I really had planned on giving US politics a rest in this space for a couple of weeks, but some things can’t go unchallenged, and one of those things is Trump’s contention that this fall’s presidential election is “rigged” so that he will lose to Hillary Clinton.
As a political scientist and strategist I am no fan of the American system. In the founding fathers’ desire to repudiate all things British they brought in a system that is nowhere near as good as the one they threw out. But it has worked for more than 200 years, which even I will admit is pretty impressive.
No electoral system is perfect, and there is bound to be fraud in all of them from time to time. That has less to do with the system and more to do with fallen humans being involved.
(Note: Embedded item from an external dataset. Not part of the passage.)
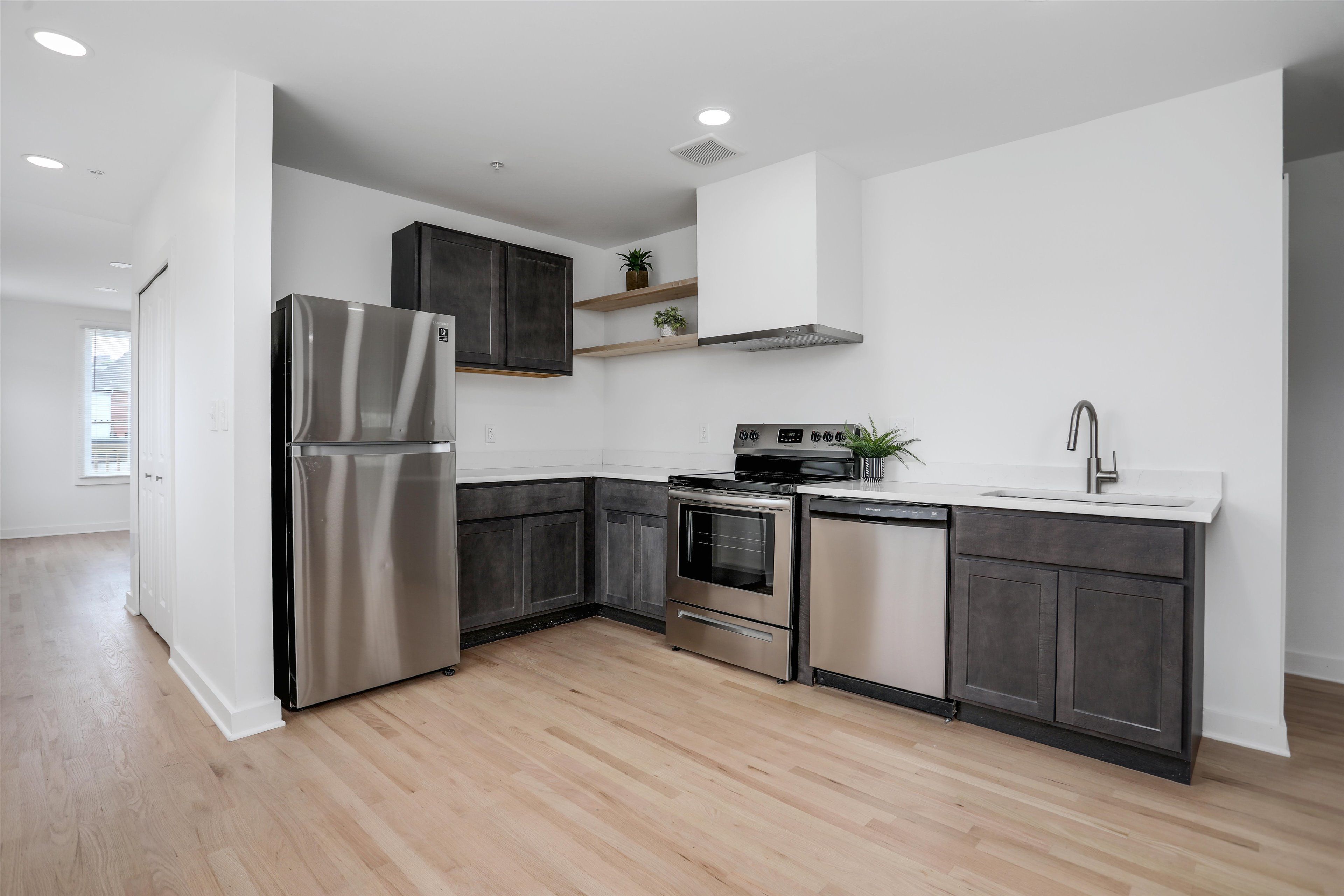 95 E Euclid Street Unit: 101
I may have some concern about how votes were counted in Florida in the 2000 presidential election, but I can’t prove anything illegal actually took place. (Don’t ask me about the morality of a system controlled by the brother of one of the candidates, that’s another matter entirely. If you ask me about my experience with vote rigging I might make that the subject of a future post.)
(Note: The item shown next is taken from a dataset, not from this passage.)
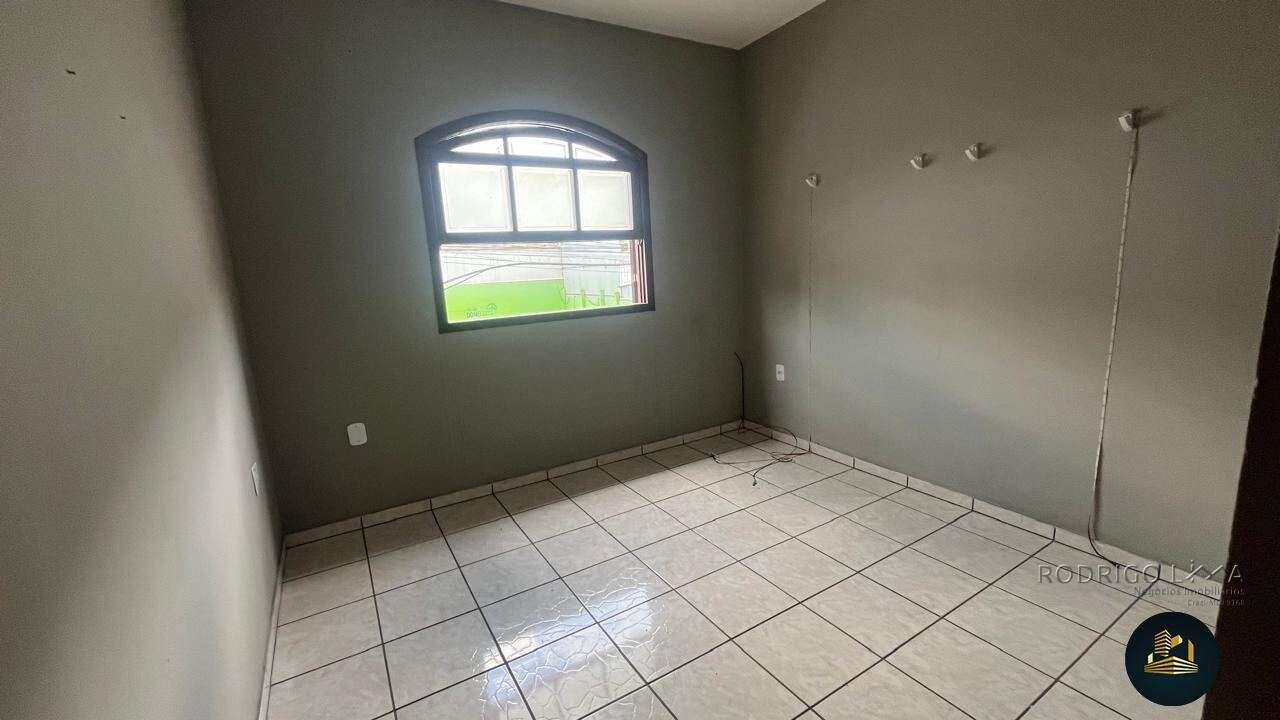 Casa para venda em São Lourenço - MG.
So when Trump, ahead of Hillary Clinton in many polls, starts talking about how the system is rigged against him, I have to wonder. Especially when he offers no proof. This doesn’t sound like the musings of a candidate for a major party in a democracy but rather like some third-world loser.
Come to think of it, didn’t he say similar things during the primary process? Yet he won that handily despite being a less than ideal choice in the eyes of the Republican brass. Has he realized he has peaked? Has he convinced himself he can’t convince the American people of the rightness of his cause and his party? Has he suddenly realized that the system will allow him to receive a majority of votes and still lose, as the president is elected not be the people but by the Electoral College?
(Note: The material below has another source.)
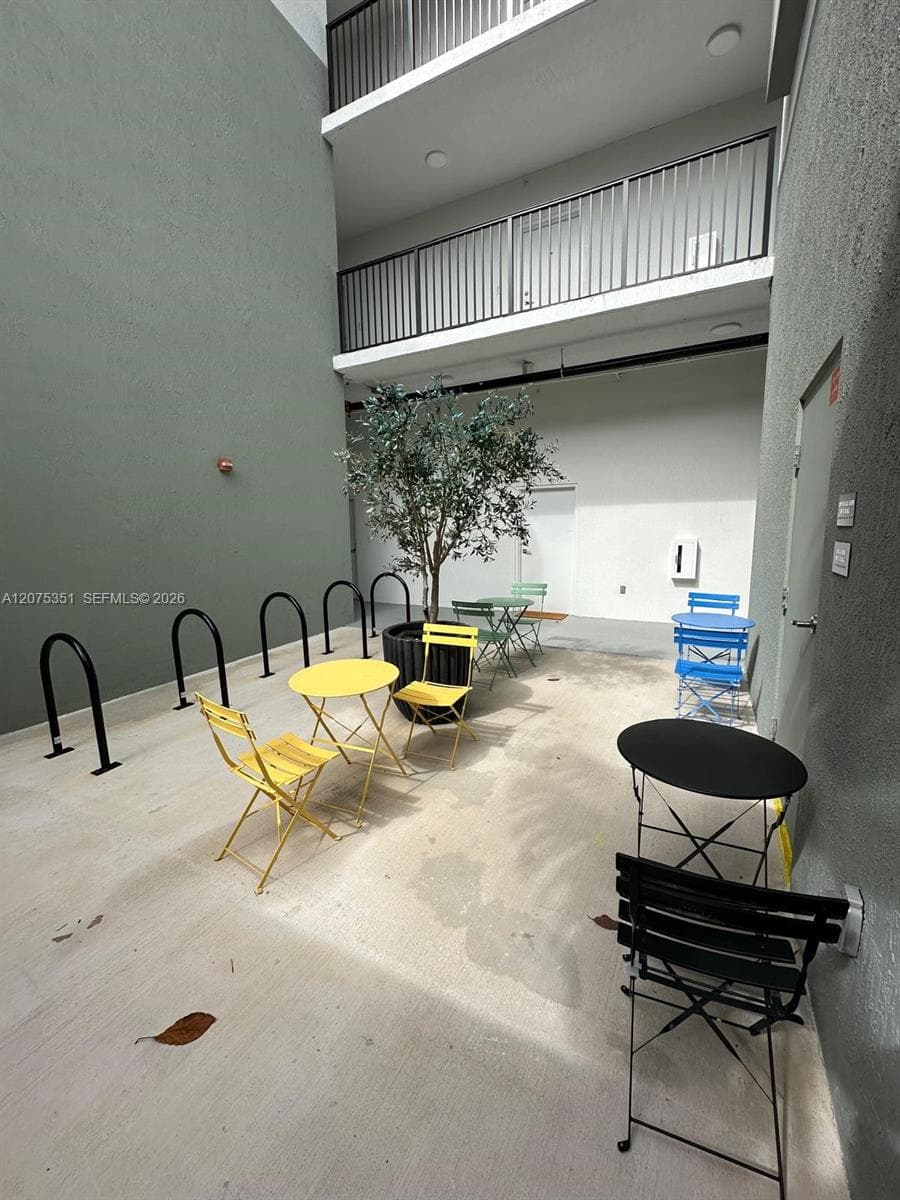 3422 NW 5th Ave # 404, Miami, FL 33127 — zdjęcie 2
Several years back I had a conversation with now-retired Canadian Member of Parliament Peter Goldring. As part of his duties he was an official observer at elections in Haiti, Georgia, Azerbaijan and (half a dozen times or more) in Ukraine.
His observation, which probably wasn’t original, was that you could judge the health of a democracy by how the politicians and people reacted when they lost. The peaceful transition of power is essential.
Goldring said that in Ukraine the parties budgeted for the post-vote demonstrations protesting the outcome. Rather than spending all their funds on the campaign, they had money set aside to fund the rallies meant to expose the results as fraudulent. The idea of a free, fair and democratic election seemed to be a shaky one.
With his vote-rigging charges that seems to be where Trump is now. He already promised blood in the streets should he be denied the Republican nomination. That was when his opponents were looking for legitimate ways to find an alternative candidate for a nomination that was not yet settled. They failed – but they were within their rights to try; the rules allowed it.
With his assertions it appears Trump has missed the point. The election is not a coronation. And, perhaps surprisingly to him, not everyone thinks he is the best choice as the next American president. He might not win in November.
But in the absence of evidence, claims of vote-rigging before the first ballot has been cast just sounds like the whining of a loser.